▸ **SOURCE RECORDS**:
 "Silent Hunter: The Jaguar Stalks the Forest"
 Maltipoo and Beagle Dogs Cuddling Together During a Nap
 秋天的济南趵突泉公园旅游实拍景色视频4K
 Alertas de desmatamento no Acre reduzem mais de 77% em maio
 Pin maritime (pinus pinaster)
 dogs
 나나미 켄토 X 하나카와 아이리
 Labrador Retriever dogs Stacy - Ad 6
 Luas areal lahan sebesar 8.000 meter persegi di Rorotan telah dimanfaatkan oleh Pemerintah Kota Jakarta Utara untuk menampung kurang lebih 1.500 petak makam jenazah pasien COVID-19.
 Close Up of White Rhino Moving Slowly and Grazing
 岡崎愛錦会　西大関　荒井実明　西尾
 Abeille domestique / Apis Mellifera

---

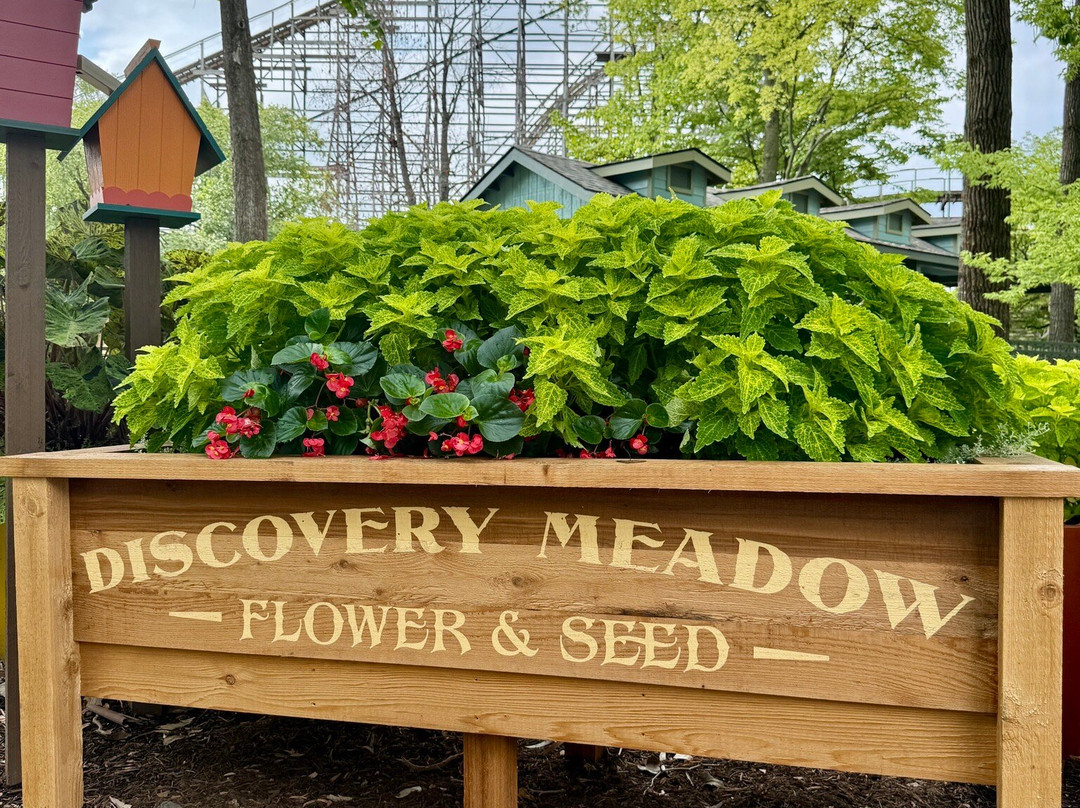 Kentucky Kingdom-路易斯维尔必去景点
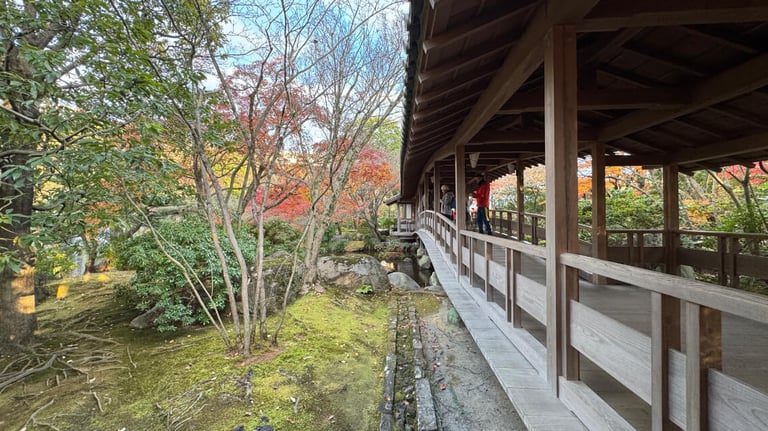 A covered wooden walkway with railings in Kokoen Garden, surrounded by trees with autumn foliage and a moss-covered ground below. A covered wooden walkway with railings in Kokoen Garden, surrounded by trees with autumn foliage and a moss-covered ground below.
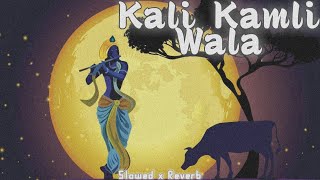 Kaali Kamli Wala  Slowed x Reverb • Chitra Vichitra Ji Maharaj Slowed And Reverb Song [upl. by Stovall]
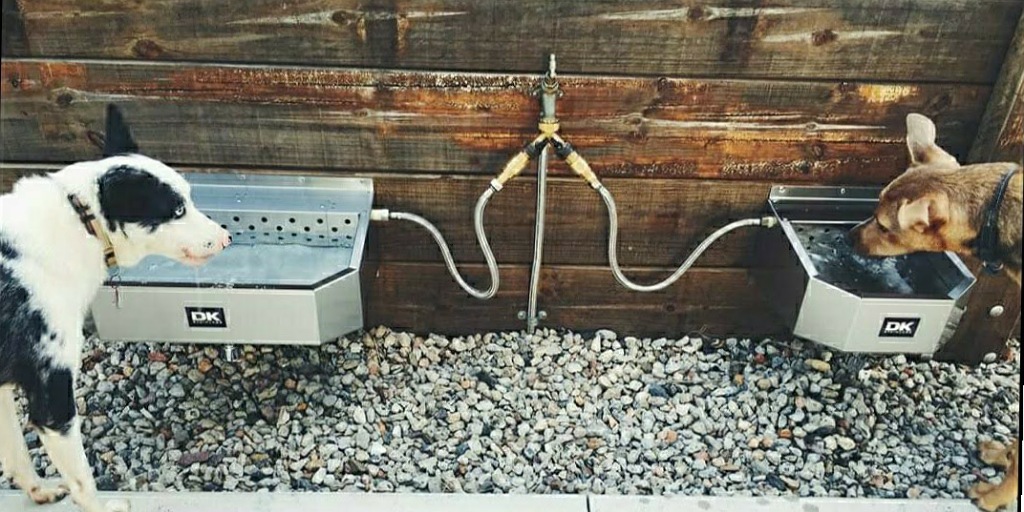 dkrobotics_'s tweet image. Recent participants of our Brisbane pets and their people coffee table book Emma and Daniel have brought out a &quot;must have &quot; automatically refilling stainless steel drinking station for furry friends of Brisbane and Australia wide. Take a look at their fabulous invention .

▸ **REQUIRED ACTION**:
Starting at the line above that contains "Pin maritime (pinus pinaster)", write out each line exactly until the line that contains "Abeille domestique / Apis Mellifera" has been written, and stop there.

▸ **SOLUTION FOR THIS TASK**:
 Pin maritime (pinus pinaster)
 dogs
 나나미 켄토 X 하나카와 아이리
 Labrador Retriever dogs Stacy - Ad 6
 Luas areal lahan sebesar 8.000 meter persegi di Rorotan telah dimanfaatkan oleh Pemerintah Kota Jakarta Utara untuk menampung kurang lebih 1.500 petak makam jenazah pasien COVID-19.
 Close Up of White Rhino Moving Slowly and Grazing
 岡崎愛錦会　西大関　荒井実明　西尾
 Abeille domestique / Apis Mellifera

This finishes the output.